__Your task__
Lines from the one containing "this 300×200 image." to the end of the records, both ends included and exactly as written, are the whole answer, and no pictures go in it.

__Data__
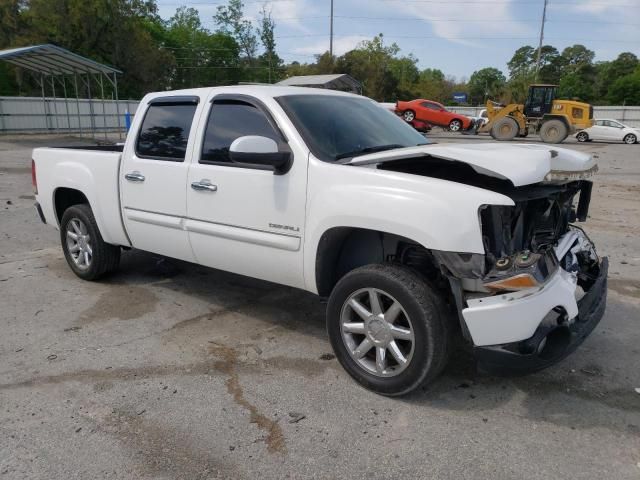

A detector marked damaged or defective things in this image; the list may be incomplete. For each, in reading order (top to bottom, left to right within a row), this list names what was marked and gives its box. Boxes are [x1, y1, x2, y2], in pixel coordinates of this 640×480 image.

crumpled hood [348, 142, 596, 187]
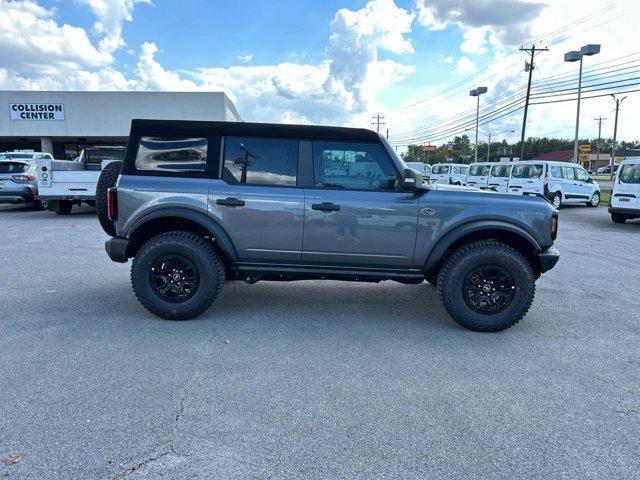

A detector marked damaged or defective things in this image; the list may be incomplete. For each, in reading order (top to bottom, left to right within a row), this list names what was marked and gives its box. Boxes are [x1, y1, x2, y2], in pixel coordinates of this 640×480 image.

cracked pavement [0, 204, 636, 478]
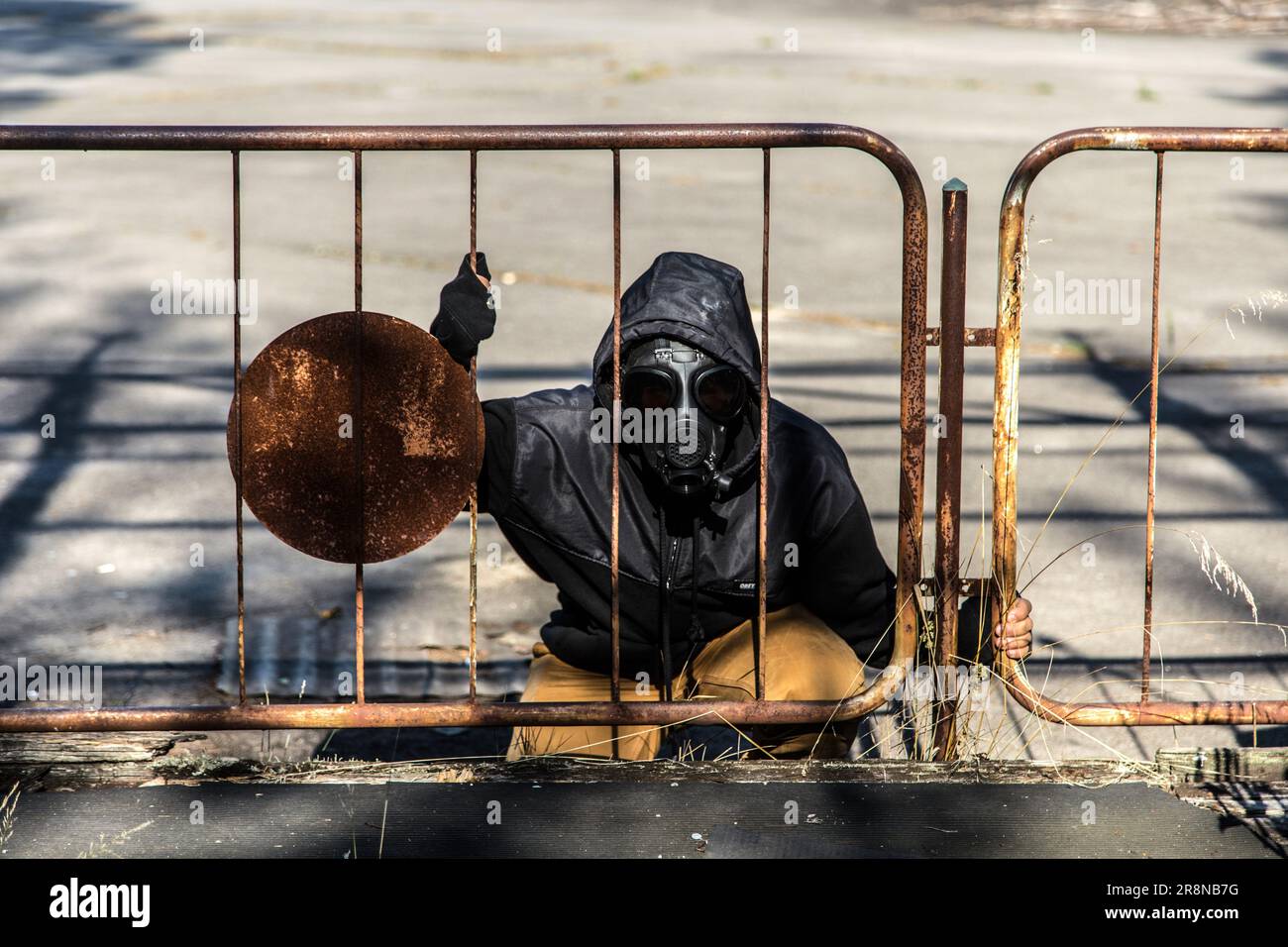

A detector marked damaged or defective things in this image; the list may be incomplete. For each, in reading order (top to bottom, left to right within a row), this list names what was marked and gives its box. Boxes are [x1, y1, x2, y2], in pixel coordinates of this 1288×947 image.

rusty round metal disc [228, 311, 483, 562]
rust stain on metal [228, 311, 483, 562]
rusty vertical bar [350, 150, 366, 705]
rusty metal barrier [0, 124, 926, 731]
rusty vertical bar [937, 177, 968, 757]
rusty metal barrier [989, 129, 1288, 731]
rusty vertical bar [1143, 152, 1164, 705]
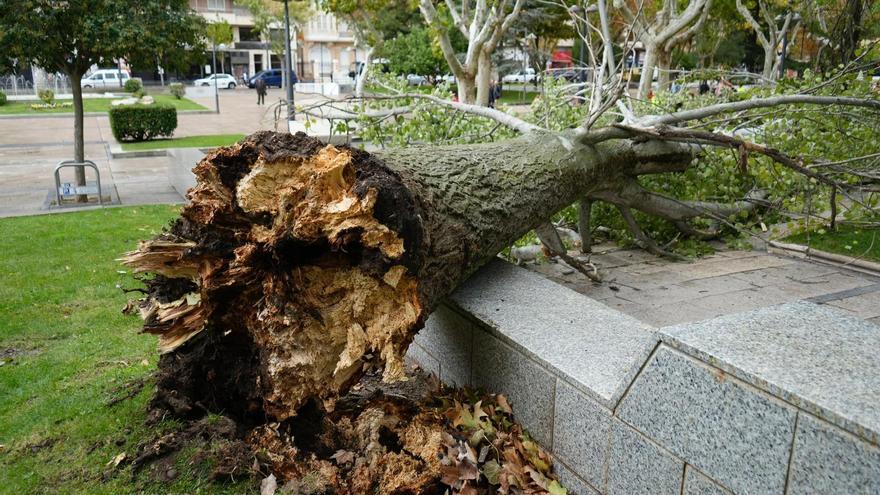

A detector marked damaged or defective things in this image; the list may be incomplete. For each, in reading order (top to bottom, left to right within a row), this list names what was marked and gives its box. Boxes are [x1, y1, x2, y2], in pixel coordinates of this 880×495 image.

splintered wood [123, 135, 422, 418]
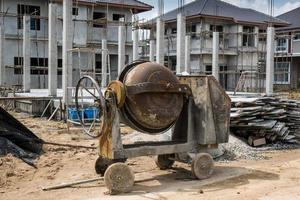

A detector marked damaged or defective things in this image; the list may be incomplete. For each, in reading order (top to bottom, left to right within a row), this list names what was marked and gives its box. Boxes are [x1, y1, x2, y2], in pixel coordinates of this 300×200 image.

rusty mixer drum [118, 61, 184, 134]
rusty metal surface [120, 62, 184, 133]
rusty metal surface [179, 76, 231, 145]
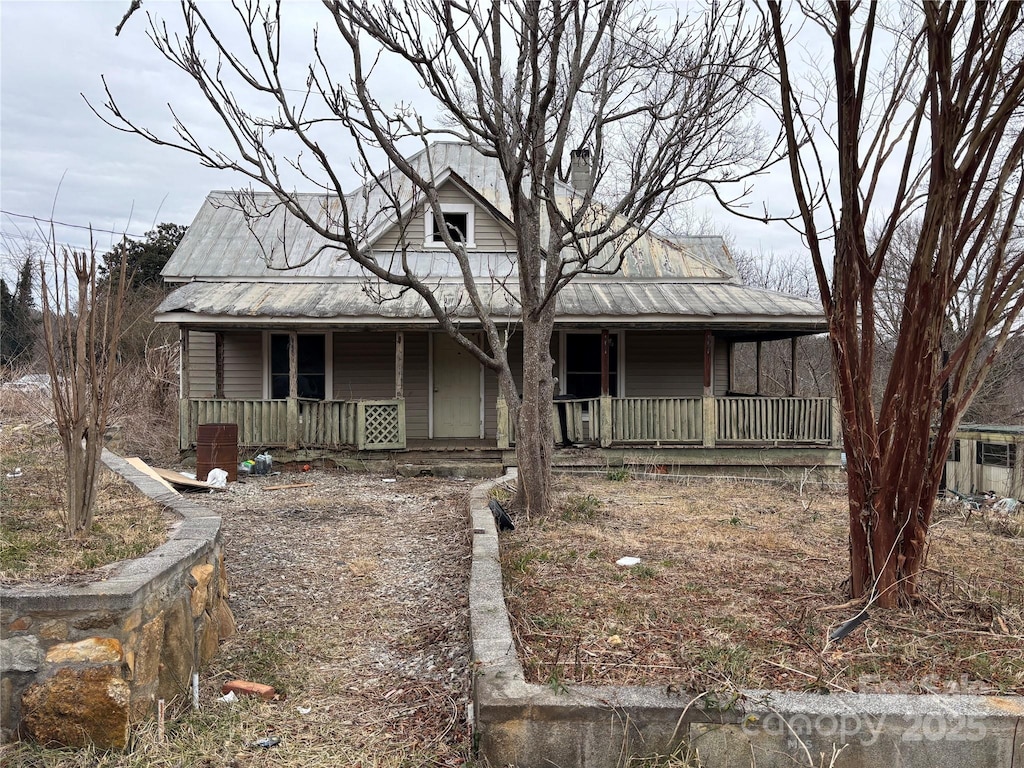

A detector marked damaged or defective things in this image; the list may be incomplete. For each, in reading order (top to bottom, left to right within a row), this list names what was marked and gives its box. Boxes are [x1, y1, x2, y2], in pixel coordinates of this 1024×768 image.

rusted metal roof [153, 280, 823, 331]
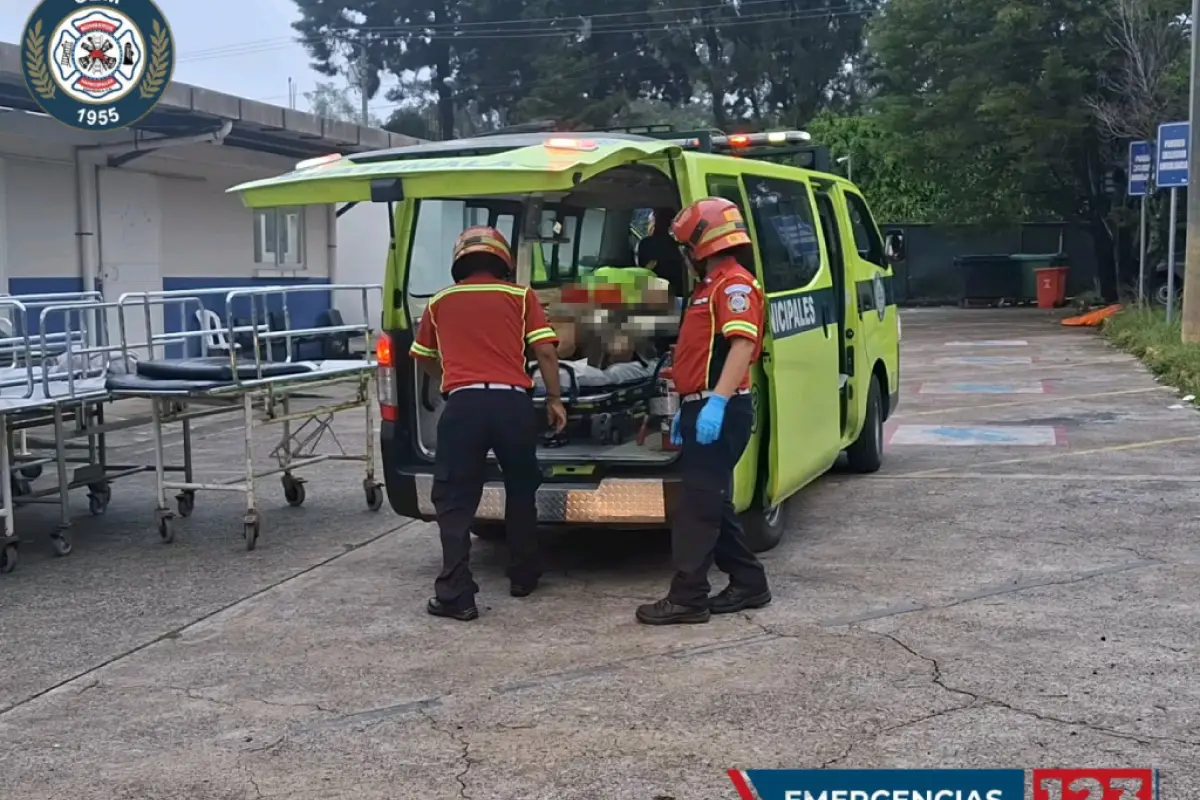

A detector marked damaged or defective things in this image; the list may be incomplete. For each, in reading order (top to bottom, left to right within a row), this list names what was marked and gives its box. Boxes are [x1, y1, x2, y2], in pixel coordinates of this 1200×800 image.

cracked concrete [0, 309, 1195, 796]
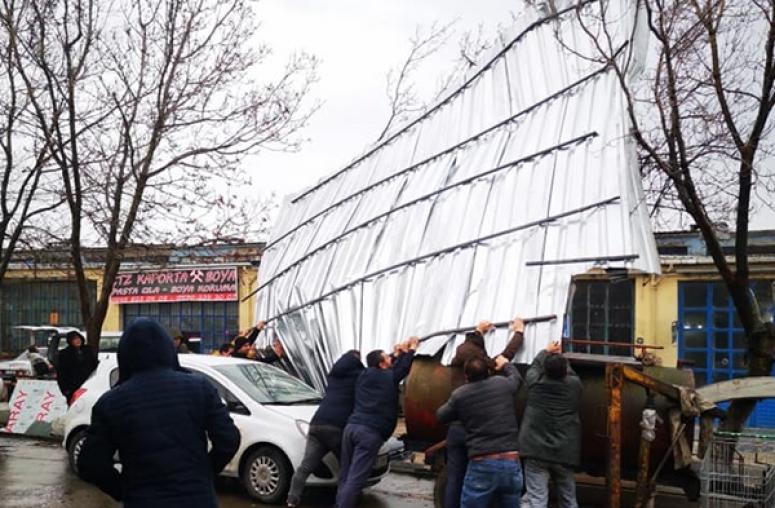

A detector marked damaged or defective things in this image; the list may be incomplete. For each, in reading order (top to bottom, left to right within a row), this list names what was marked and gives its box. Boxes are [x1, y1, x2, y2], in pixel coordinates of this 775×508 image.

rusty cylindrical tank [406, 356, 696, 482]
rusted metal beam [608, 364, 624, 506]
rusted metal beam [620, 368, 684, 402]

__Written response__
A detector marked damaged or defective things in this image; the list may be incomplete. For each, in reading order (top to bottom, left to right within a row), this list names what was marked and gives its box. Boxes are [x1, y1, x2, y2], in pixel coordinates of this 300×200 image.

rusty mixer drum [118, 61, 184, 134]
rusty metal surface [120, 62, 184, 133]
rusty metal surface [179, 76, 231, 145]

A detector marked damaged or defective things in this image; the list may be incomplete. For each, in reading order (top to bottom, left to right within a row), this list names what was marked and gives its box. Boxes are [x1, y1, x2, y2], in pixel coordinates of this 1024×768 image.

rusted metal roof [153, 280, 823, 331]

A detector marked damaged or defective things in this image; the list may be incomplete. For each, in reading order (top to bottom, left to right within a row), this list names what was marked and gives its box. Boxes are [x1, y1, x2, y2], in pixel coordinates of this 1200×800 image.

cracked concrete [0, 309, 1195, 796]

A detector marked damaged or defective things in this image; the list may be incomplete. For each, in reading order (top to bottom, left to right within a row), this list names what was marked and gives its box. Boxes are [x1, y1, x2, y2], in pixel coordinates of this 775×508 image.

rusty cylindrical tank [406, 356, 696, 482]
rusted metal beam [608, 364, 624, 506]
rusted metal beam [620, 368, 684, 402]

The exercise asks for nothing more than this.